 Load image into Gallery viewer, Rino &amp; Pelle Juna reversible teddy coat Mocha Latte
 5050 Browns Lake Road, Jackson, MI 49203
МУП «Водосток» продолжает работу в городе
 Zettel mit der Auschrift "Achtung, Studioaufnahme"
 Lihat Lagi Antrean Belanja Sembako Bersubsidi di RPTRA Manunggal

...

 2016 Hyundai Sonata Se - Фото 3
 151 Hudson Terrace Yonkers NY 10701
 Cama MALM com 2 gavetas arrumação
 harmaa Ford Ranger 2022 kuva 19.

- _Task to carry out_
Set down exactly the lines of the data above, beginning with the line that has "Load image into" and ending with the line that has "Lihat Lagi Antrean", and no others.

- _Your response_
 Load image into Gallery viewer, Rino &amp; Pelle Juna reversible teddy coat Mocha Latte
 5050 Browns Lake Road, Jackson, MI 49203
МУП «Водосток» продолжает работу в городе
 Zettel mit der Auschrift "Achtung, Studioaufnahme"
 Lihat Lagi Antrean Belanja Sembako Bersubsidi di RPTRA Manunggal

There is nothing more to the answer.